### TASK TO CARRY OUT
Nothing but the text should be carried over: reproduce all the data exactly and leave out every image.

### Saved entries
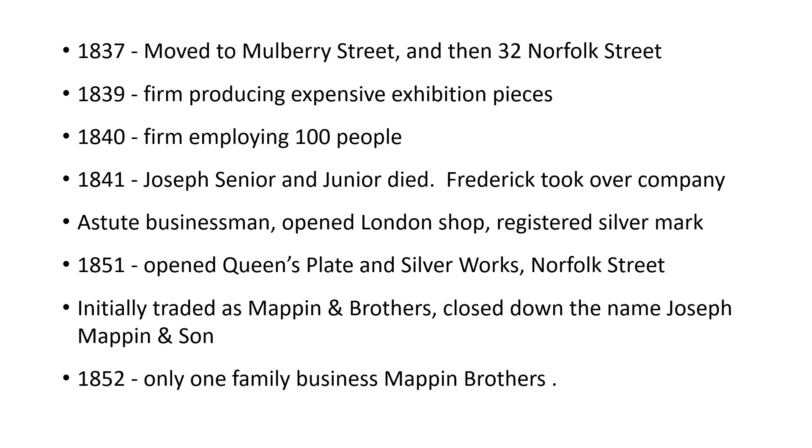Joseph Mappin moved to Mulberry Street in 1837, then to Norfolk Street — lots of moving around the city centre. By 1839, the company was able to produce expensive exhibition pieces for the Great Exhibition at Crystal Palace and exhibitions in Paris. Sheffield cutlers wanted to prove what they could do and produced these specialist pieces. By 1840 the firm employed 100 people. In 1841, Joseph Senior and Joseph Junior both died, so Frederick took over running the company. He was reckoned to be a very astute businessman, and you can almost point to 1841 as when the focus of the business shifted towards London — they opened a London shop and registered a silver mark.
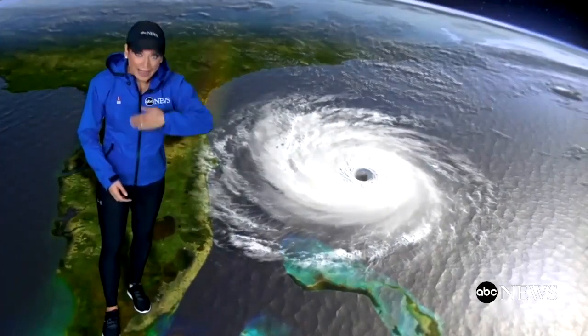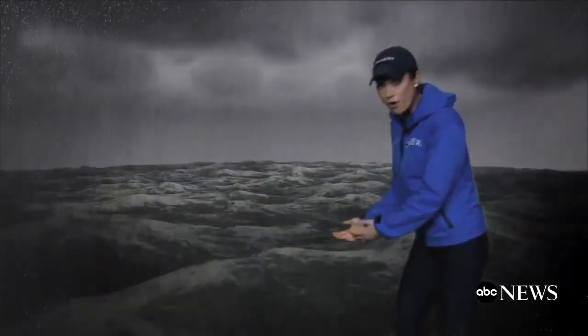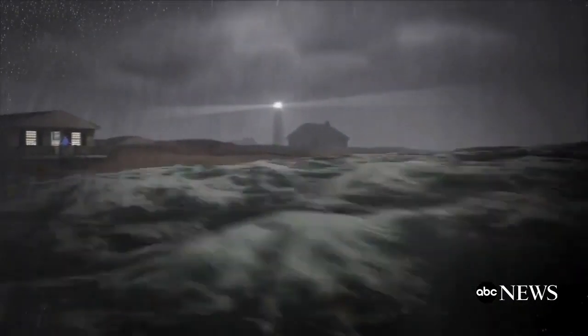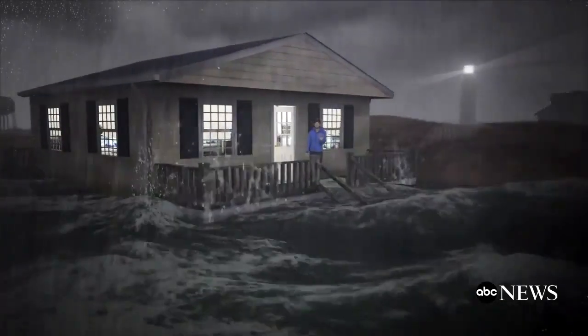Storm surge is basically water piling up along the shore ahead of and inside the hurricane. In the center of the hurricane, as pressure falls, water levels rise, all the water piling up while it's still over the open ocean water. As a hurricane closes in on land, the strong winds push that water toward the coast. It has nowhere left to go but up and inland, sometimes as high as 20 feet.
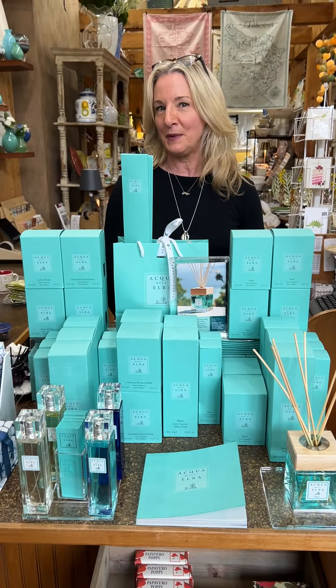We have reed diffusers and home fragrance sprays, and we have four lovely fragrances. Starting with their signature fragrance in the aqua color, called Mare — named after the sea. It's got lemon, rosemary, sea lily, marine algae, and some woodiness from the Mediterranean shrubs, all in this beautiful aqua presentation — a beautiful addition to anybody's home.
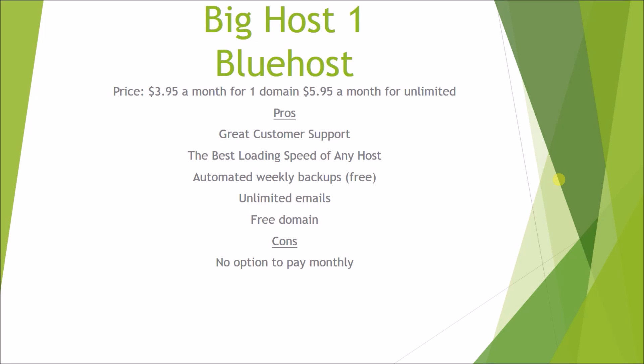One of the downsides — and this isn't really a downside to me, but it is to some people — is that there's no option to pay monthly. You have to lock in and pay for the year. Some people don't like that because they don't know if they're going to want their website up in a year, and they would rather pay month by month, but Bluehost doesn't offer that option.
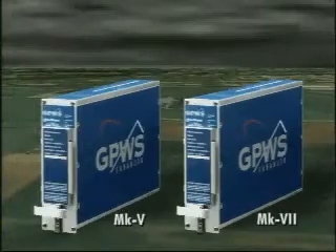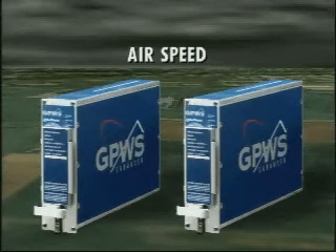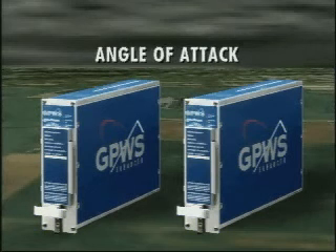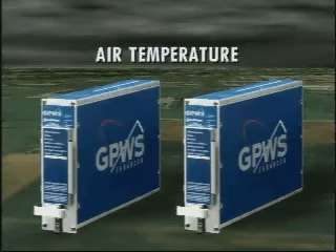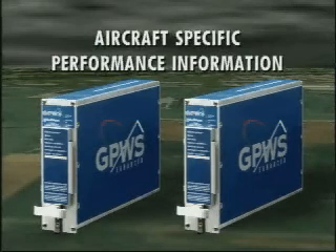The Mark V and Mark VII GPWS offer detection and warning for encounters with windshear up to 1,500 feet above ground. GPWS uses airspeed, radar altitude, barometric rate, angle of attack, air temperature, vertical and longitudinal acceleration, and aircraft-specific performance information to detect encounters with severe windshear.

### WRITTEN ANSWER
Joseph Mappin moved to Mulberry Street in 1837, then to Norfolk Street — lots of moving around the city centre. By 1839, the company was able to produce expensive exhibition pieces for the Great Exhibition at Crystal Palace and exhibitions in Paris. Sheffield cutlers wanted to prove what they could do and produced these specialist pieces. By 1840 the firm employed 100 people. In 1841, Joseph Senior and Joseph Junior both died, so Frederick took over running the company. He was reckoned to be a very astute businessman, and you can almost point to 1841 as when the focus of the business shifted towards London — they opened a London shop and registered a silver mark.
Storm surge is basically water piling up along the shore ahead of and inside the hurricane. In the center of the hurricane, as pressure falls, water levels rise, all the water piling up while it's still over the open ocean water. As a hurricane closes in on land, the strong winds push that water toward the coast. It has nowhere left to go but up and inland, sometimes as high as 20 feet.
We have reed diffusers and home fragrance sprays, and we have four lovely fragrances. Starting with their signature fragrance in the aqua color, called Mare — named after the sea. It's got lemon, rosemary, sea lily, marine algae, and some woodiness from the Mediterranean shrubs, all in this beautiful aqua presentation — a beautiful addition to anybody's home.
One of the downsides — and this isn't really a downside to me, but it is to some people — is that there's no option to pay monthly. You have to lock in and pay for the year. Some people don't like that because they don't know if they're going to want their website up in a year, and they would rather pay month by month, but Bluehost doesn't offer that option.
The Mark V and Mark VII GPWS offer detection and warning for encounters with windshear up to 1,500 feet above ground. GPWS uses airspeed, radar altitude, barometric rate, angle of attack, air temperature, vertical and longitudinal acceleration, and aircraft-specific performance information to detect encounters with severe windshear.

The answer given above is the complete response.